_TASK_
Beginning with the line that holds "Square shower drain", output every remaining line of the material below exactly, and include none of the pictures.

_RECORDED INFORMATION_
◆ ◆ ◆
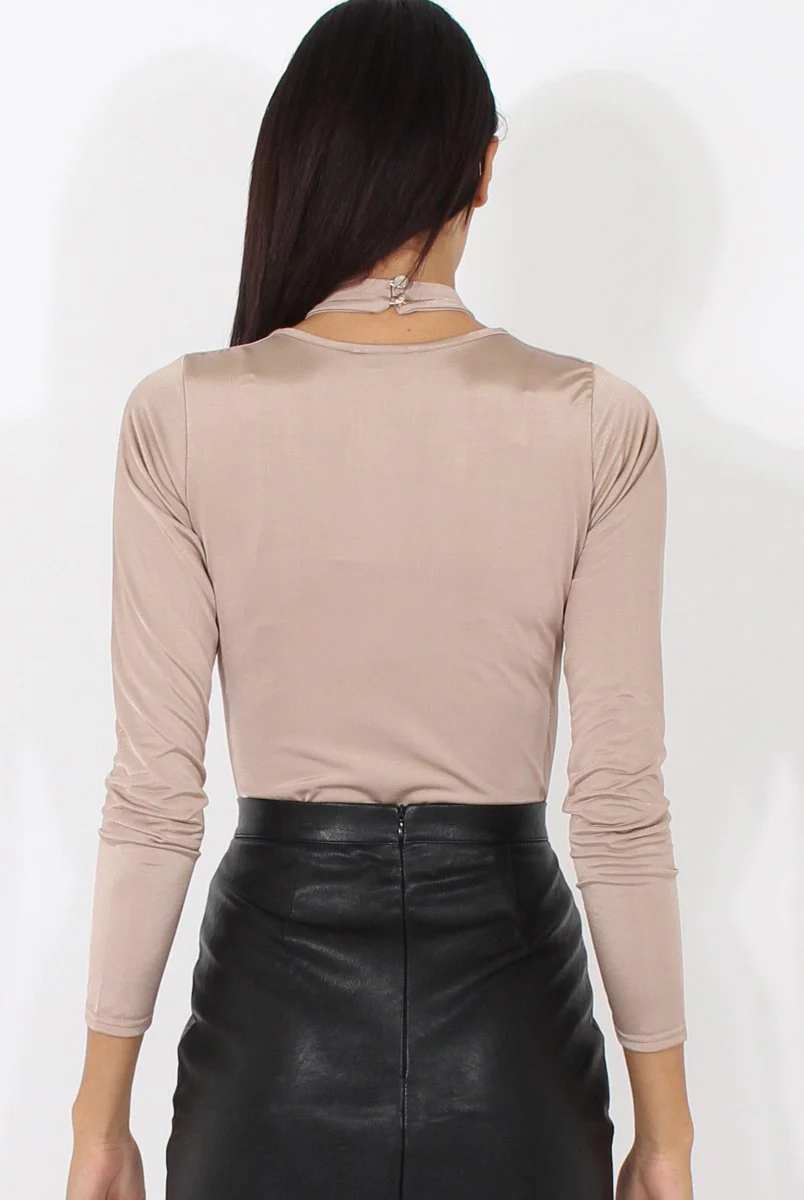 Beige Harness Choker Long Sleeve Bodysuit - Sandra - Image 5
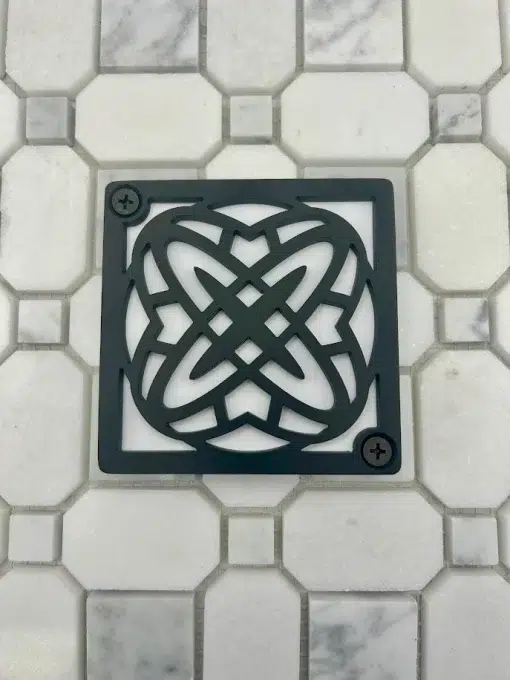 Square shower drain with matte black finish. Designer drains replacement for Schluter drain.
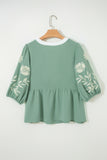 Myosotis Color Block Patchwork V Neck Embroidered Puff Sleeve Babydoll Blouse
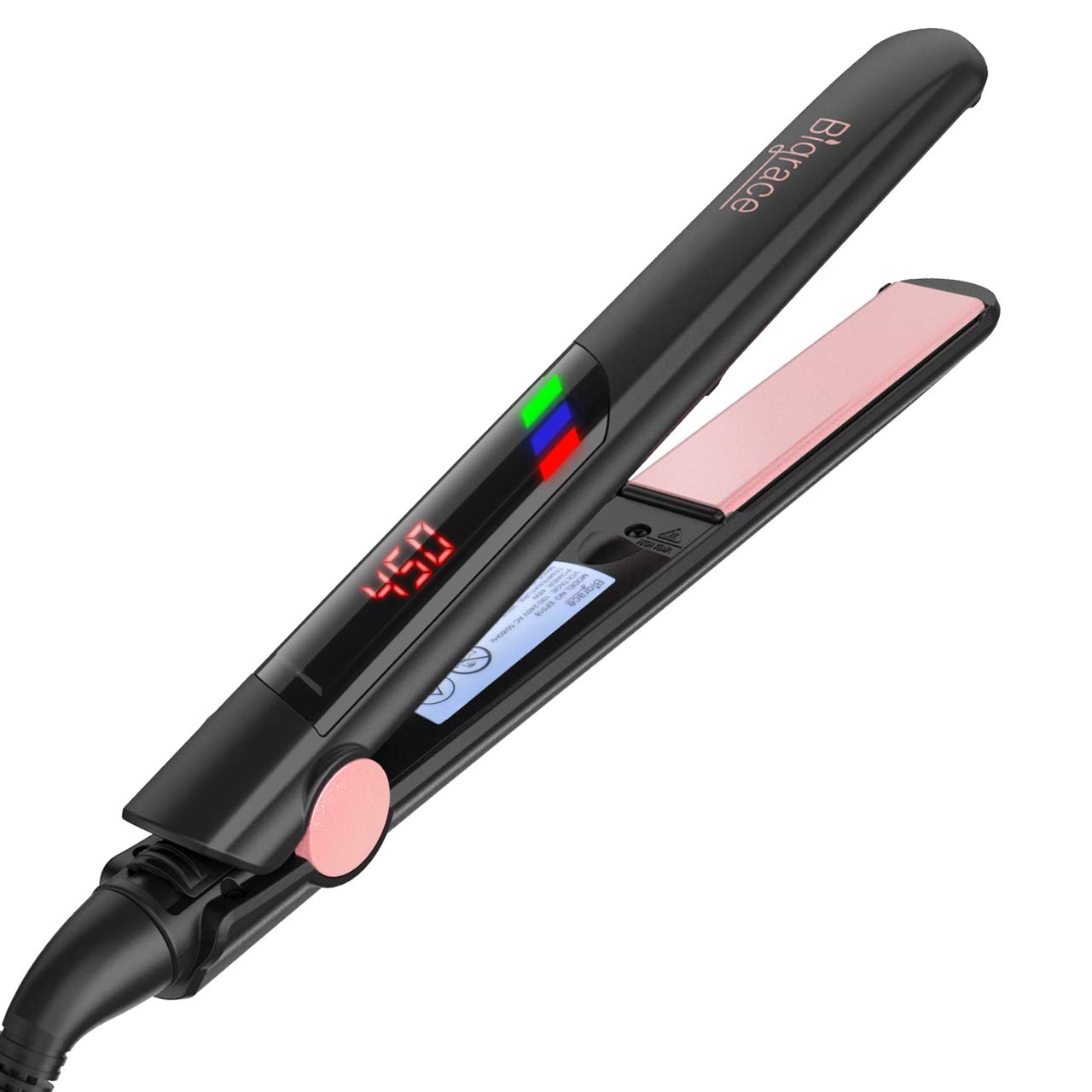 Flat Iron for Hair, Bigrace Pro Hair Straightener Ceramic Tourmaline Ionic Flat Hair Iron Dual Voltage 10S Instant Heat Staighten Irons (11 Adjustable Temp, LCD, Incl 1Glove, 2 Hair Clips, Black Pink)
◆ ◆ ◆
_EXERCISE SOLUTION_
 Square shower drain with matte black finish. Designer drains replacement for Schluter drain.
 Myosotis Color Block Patchwork V Neck Embroidered Puff Sleeve Babydoll Blouse
 Flat Iron for Hair, Bigrace Pro Hair Straightener Ceramic Tourmaline Ionic Flat Hair Iron Dual Voltage 10S Instant Heat Staighten Irons (11 Adjustable Temp, LCD, Incl 1Glove, 2 Hair Clips, Black Pink)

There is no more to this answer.